Second question, do you have performance number for the current version?
I remember that I settled on only strict improvement in the cost model to stop, i.e., I was not waiting for the cost to become unprofitable, because the cost model was not precise enough and supposedly neutral transformations ended up in regressions.
Cheers,
-Quentin
lib/CodeGen/CodeGenPrepare.cpp | ||
---|---|---|
4494 | I don't quite get the last sentence. |
You mean that you are going to add more transformation that will reuse that refactoring, right?

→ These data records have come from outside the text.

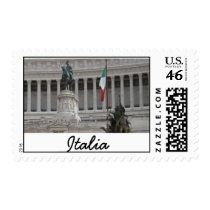 Italian Flag Next To Statue Stamps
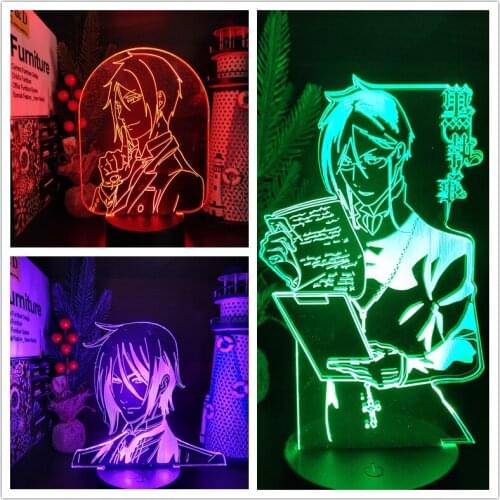 Anime 3D Lamp Black Butler Led Night Light Illusion Color Change Lampara Bedroom Decor Manga Gift Nightlight Anime Table 3D Lamp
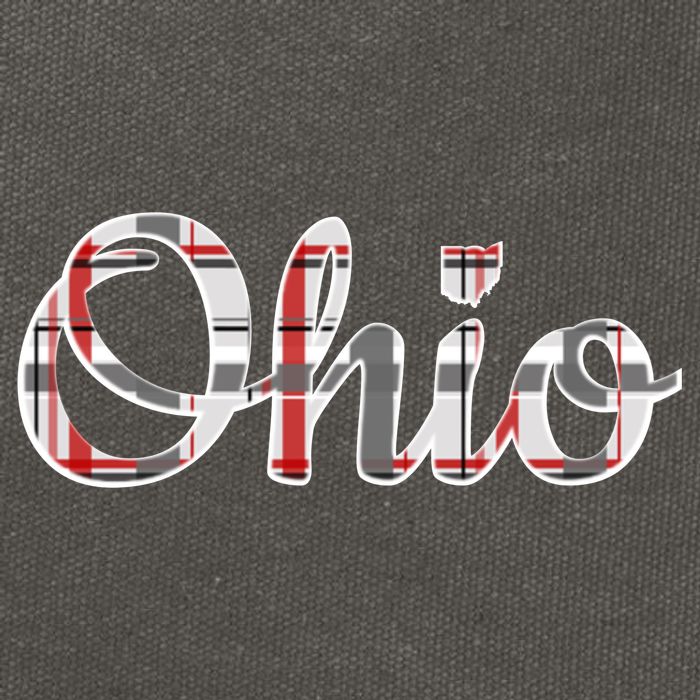 State Of Ohio Ohioan Pride Trendy Plaid Script Texgift Cotton Canvas Backpack
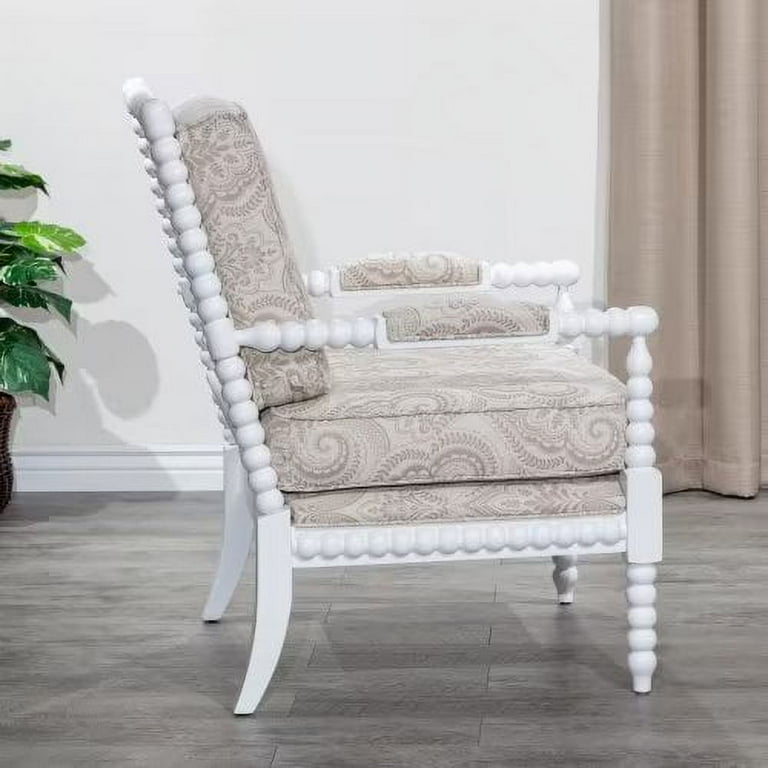 Accent Chair Wood Spindle Chair Vintage Armchair with Padded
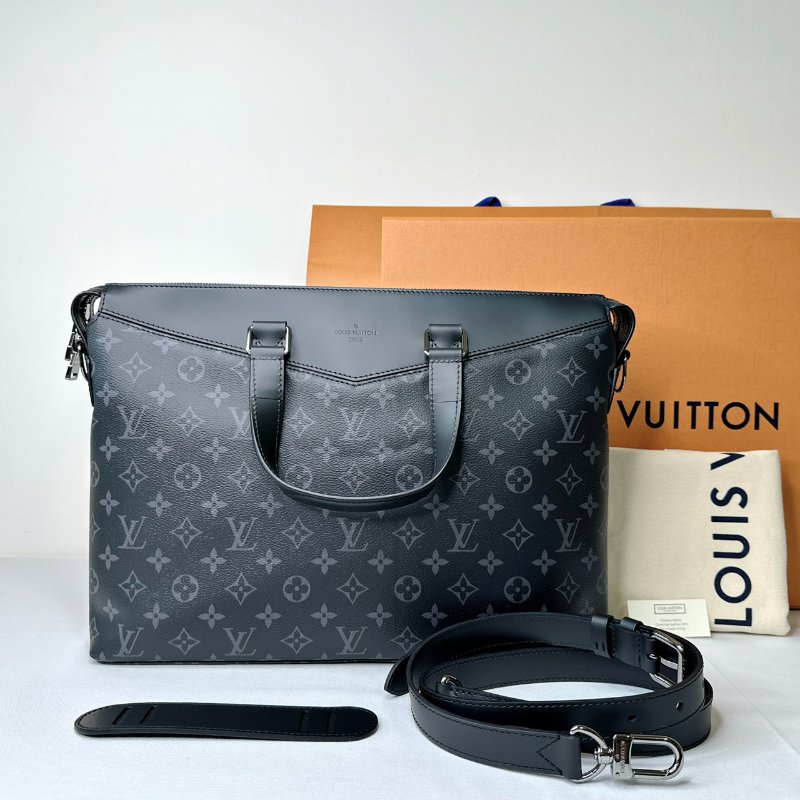 LV Briefcase Explorer黑花公事包-0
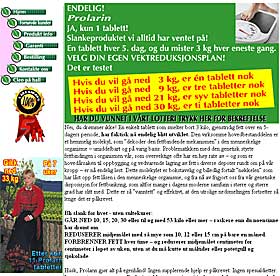 SELGER �SLANKEMIDDEL�: Prolarin.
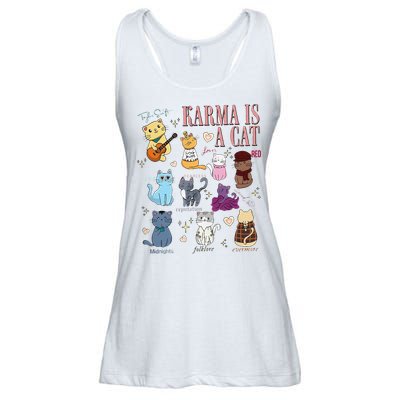 Funny Karma Is A Cat Funny Cat Music Concert Gift For Christmas Gifts Music Co Ladies Essential Flowy Tank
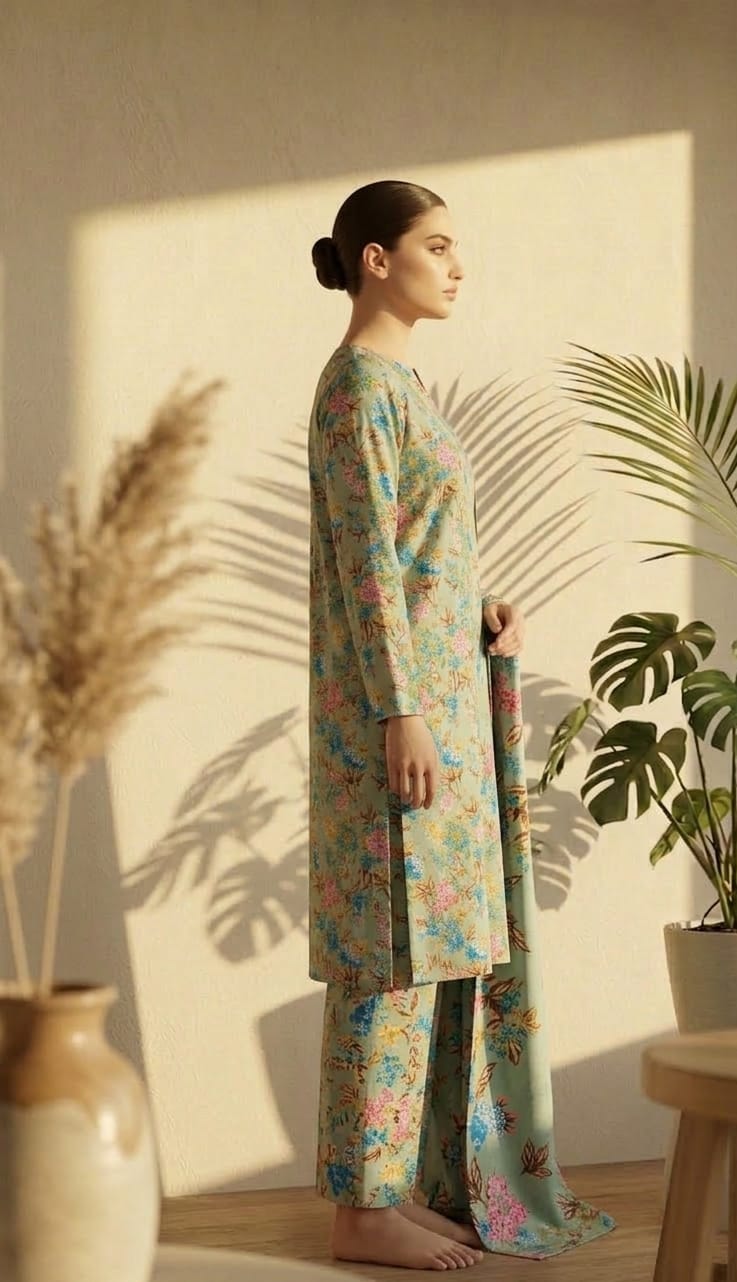 Dusty Mint Green Multi Floral Printed 3 PC Unstitched Lawn Suit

Yes, on top of this patch, I'm plaining on moving the transformation done in aarch64-type-promotion into CGP. The main purpose of this patch is to prepare merging the transformation done in aarch64-type-promotion into CGP. And then, I want to implement D26524 in CGP.
Second question, do you have performance number for the current version?
I haven't tried performance with/without the current version (moveExtToFormExtLoad()) itself. I only ran spec2000/spec2006 in aarch64 for this change vs current version, and I didn't see any clear change in performance. I observed +3% in spec2006/astar only when performing the transformation tried in D26524, where I sunk SExt into its user blocks if foldable with its users. Please let me know if you have plan on current version itself.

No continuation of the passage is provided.